Il Cane che guaisce esprime la compassione per l’uomo (l’essere che s’inoltra più a fondo
nel dolore), di cui quest’animale è infatti comunemente ritenuto “il migliore amico”.
Il Pastore che si rotola per terra è l’uomo di fronte al dolore estremo: la compiutezza del
nichilismo (= il tramonto degli Eterni) in quanto quest’ultima resti assunta nell’ottica dello
Spirito di Gravità, cioè nella prospettiva dell’impotenza di fronte al Fatto, al passato.
Il Nero Serpente rappresenta il tempo rettilineo, come pure la dipendenza dal Fatto: il
“così è” o il “così fu” che la volontà non riesce a dominare (compresa la versione metafisica
del tempo circolare – vedi il discorso che il Nano ha pronunciato prima in proposito).
Il Morso del Pastore è la de-cisione, l’istituzione / rivelazione dell’Anello del Ritorno:
qualcosa che (cfr.: “Della Redenzione”) “sta al di sopra di ogni conciliazione”, giacché
unifica eternamente volontà e realtà (cioè il flusso incessante del divenire, il panta rhei).
Il morso esprime l’istantaneità della scelta (nell’Attimo): un gesto di rifiuto (nei confronti
della prospettiva tradizionale) e insieme di appropriazione (del nuovo senso della realtà).
Decidendo, tagliando via la catena del passato, l’Oltre-Uomo si fa signore del tempo4.
Il Trasfigurato è l’immagine dell’Oltre-Uomo, che si è liberato anche dall’ultima catena.
Ma chi è l’Oltre-Uomo? Nel successivo capitolo “Il Convalescente”, è Zarathustra stesso a
liberarsi, mordendo, dal nero serpente; e Zarathustra è certo un alter-ego di Nietzsche. Se (e
poiché) la dottrina dell’Eterno Ritorno non è un’interpretazione tra le altre, una scommessa
pascaliana o kierkegaardiana, ma l’Interpretazione Necessaria, è inevitabile che l’Anello del
Ritorno, annullando lo scarto tra futuro e passato, appaia infine come già da sempre istituito.

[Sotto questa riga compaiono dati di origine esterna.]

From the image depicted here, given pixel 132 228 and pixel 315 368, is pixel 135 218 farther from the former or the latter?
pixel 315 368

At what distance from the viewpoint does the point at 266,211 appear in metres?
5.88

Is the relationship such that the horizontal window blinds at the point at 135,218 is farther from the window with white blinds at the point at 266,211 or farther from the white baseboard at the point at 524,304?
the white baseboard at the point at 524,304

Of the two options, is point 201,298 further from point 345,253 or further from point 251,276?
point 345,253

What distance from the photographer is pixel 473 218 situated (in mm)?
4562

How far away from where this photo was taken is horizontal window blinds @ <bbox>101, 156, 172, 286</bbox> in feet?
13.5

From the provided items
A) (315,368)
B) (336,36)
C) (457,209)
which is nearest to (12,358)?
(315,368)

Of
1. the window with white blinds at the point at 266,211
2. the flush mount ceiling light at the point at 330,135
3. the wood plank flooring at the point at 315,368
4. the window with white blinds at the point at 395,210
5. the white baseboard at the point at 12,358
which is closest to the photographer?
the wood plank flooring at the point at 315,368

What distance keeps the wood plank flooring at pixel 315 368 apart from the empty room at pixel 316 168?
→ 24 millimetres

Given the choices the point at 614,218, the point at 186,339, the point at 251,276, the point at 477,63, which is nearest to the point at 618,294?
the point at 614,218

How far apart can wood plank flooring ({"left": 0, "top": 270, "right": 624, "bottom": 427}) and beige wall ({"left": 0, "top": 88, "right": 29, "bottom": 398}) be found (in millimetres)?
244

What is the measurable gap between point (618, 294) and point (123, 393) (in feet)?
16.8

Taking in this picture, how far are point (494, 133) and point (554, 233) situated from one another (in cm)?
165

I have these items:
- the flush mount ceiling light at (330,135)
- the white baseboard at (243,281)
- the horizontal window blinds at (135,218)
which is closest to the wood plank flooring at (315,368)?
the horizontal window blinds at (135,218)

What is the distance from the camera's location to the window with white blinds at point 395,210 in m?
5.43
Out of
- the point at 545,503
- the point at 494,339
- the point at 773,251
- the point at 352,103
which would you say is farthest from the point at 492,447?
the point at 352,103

Nel capitolo “Della Redenzione” si legge: «…Ma
ha già essa [la Volontà] detto queste parole? E
quand’è che ciò avviene? È forse la Volontà già
sciolta dai lacci della propria pazzia?». La dottrina
dell’Eterno Ritorno, per essere coerente, non può
non porsi come prospettiva autofondante, come
un’eterna Ruota che gira mossa solo da se stessa.
La Volontà dell’Oltre-Uomo s’incarna e si attua
quindi in ogni esistenza, anche là dove tale
Volontà sembra massimamente nascosta o tradita:
essa si manifesta sempre in questa coscienza in
atto, che è la “mia”, o la “tua”, e quella di ogni
soggetto pensante. La coscienza, come tale, è
dunque destinata eternamente ed irrevocabilmente
al Peso più grande e alla Redenzione.
4
Il serpente, senza più testa, si chiude su se stesso a formare l’Anello. Nell’induismo ed in altre
mitologie (ad esempio in quella nordica) ricorre l’immagine del serpente che cinge nelle sue spire
la terra. Così è raffigurato, nello śivaismo, il serpente Ananta (l’Infinito), che contempla in eterno la
danza del dio. Lo stesso Śiva, del resto, danza all’interno di un cerchio di fuoco.